Urinary tract infections (UTIs) are a common complaint among older adults, especially women. Due to their shorter urethras, women are up to four times likely than men to experience a UTI. In fact, it is estimated that 60% of women will experience a UTI in their lifetime and 20-40% will experience more than one episode. Due to their prevalence, the prevention of UTIs is a common topic for care teams.
Several antibiotics are used to treat UTIs, including:
However, antibiotics can contribute to bacterial resistance. Broad spectrum cephalosporin use has been linked to additional infections, including resistant infections such as vancomycin resistant enterococcus (VRE), beta-lactam resistant Acinetobacter, and clostridium difficile. Fluoroquinolones have been associated with methicillin resistant staphylococcus aureus (MRSA) and fluoroquinolone resistance to gram-negative bacilli, including Pseudomonas aeruginosa. In addition, SMZ/TMP and fluoroquinolones may significantly affect the fecal microbiome and therefore contribute to antibiotic resistance.
Furthermore, non-adherence to guidelines has also been seen in patients with recurrent UTIs. These practices include using a longer course of antibiotics, using a broader spectrum antibiotic, and increasing the dose of therapy with each recurrence. While these strategies are commonly used, they have not been shown to increase efficacy and have the potential for harm in both the patient and the community.
Furthermore, antibiotic-resistant bacteria may be more prevalent due to the use of antibiotics in the presence of asymptomatic bacteriuria. This is when bacteria is present in the urine, but without UTI symptoms. It is typically not recommended to treat bacteria in the urine without symptoms. Using antibiotics more often may contribute to resistance.
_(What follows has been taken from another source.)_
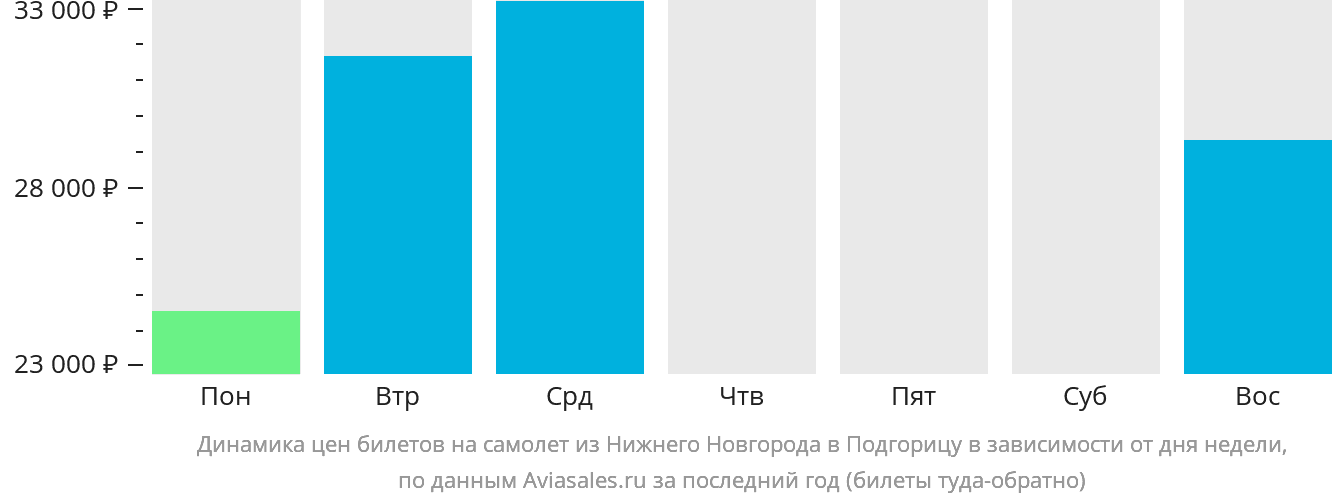 Динамика цен билетов на самолёт из Нижнего Новгорода в Подгорицу в зависимости от дня недели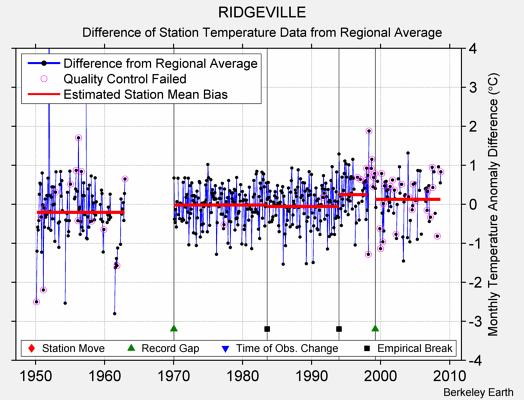 RIDGEVILLE difference from regional expectation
Many antibiotics are not recommended for older adults, specifically when kidney function is impaired. Ciprofloxacin, a common fluoroquinolone used for UTIs, is associated with a higher risk for central nervous system side effects, including seizures and confusion. It is also associated with a higher risk of tendon rupture for older adults with a creatinine clearance of 30 ml/min or lower.
Nitrofurantoin use, especially long-term use, increases the risk of lung and liver toxicity as well as peripheral neuropathy in older adults. SMZ/TMP may be especially dangerous in older adults with low kidney function due to the risk of high potassium levels—especially if they are taking a blood pressure medication, which may increase potassium levels such as ACE-inhibitors or angiotensin receptor blockers. High potassium levels may lead to severe side effects and may even be fatal in some cases.
What can be done to prevent UTIs in older adults that don’t have these risks? According to the American Geriatrics Society, the first line for prevention of UTIs for older women is vaginal estrogen. This is preferred over systemic estrogen and maintenance antibiotics.
Non-pharmacologic options include increased fluid intake—taking into consideration any fluid restrictions. Cranberry products have mixed evidence of effectiveness and may be an option, while considering that FDA oversight of such products may not be guaranteed. There is also some evidence of the use of methenamine for UTI prevention.
Another way to prevent UTIs is to evaluate the patient’s current medication regimen to determine if a drug is causing or increasing the risk of UTIs. Polypharmacy is a possible cause of UTIs and should be evaluated in the workup of a patient experiencing recurrent UTIs.
For instance, there is a newer class of medications known as SGLT2 inhibitors that are used to treat diabetes. These medications work by preventing glucose reabsorption in the kidneys and thereby increasing glucose content in the urine. This increased glucose presence has been shown to increase the risk of both UTIs and genital infections.
Other medications associated with UTIs include those with anticholinergic properties and those that impair the neurogenic control of the bladder. Anticholinergic medications inhibit bladder emptying by limiting contraction. The resulting urinary retention allows for colonization of bacteria in the bladder. There are hundreds of medications which may lead to anticholinergic side effects including urinary retention. Medications that impair bladder control include benzodiazepines, calcium channel blockers, opioids, and non-steroidal anti-inflammatory drugs (NSAIDs). These medications may lead to bladder muscle relaxation and problems with voiding reflexes. Therefore, these medications may also reduce or delay bladder emptying.
There are several other medications which may increase the risk of urinary stones due to the drug or metabolite precipitating in the urine or changing the pH of the urine. These medications include antimicrobials (sulfonamides, ciprofloxacin, ampicillin), calcium, vitamin D and C, laxatives, loop diuretics, acetazolamide, and allopurinol. The formation of bladder stones may also increase the risk of infection.
Clinical decision support tools, such as those used by GalenusCare Precision Pharmacists, may help to identify medications that may be causing or worsening the risk of UTIs. Pharmacists may be utilized in deprescribing decision-making to help prevent UTIs instead of using antibiotic prophylaxis. The pharmacist may be able to help reduce UTIs and improve quality of life, while reducing overall medication risk and antibiotic resistance.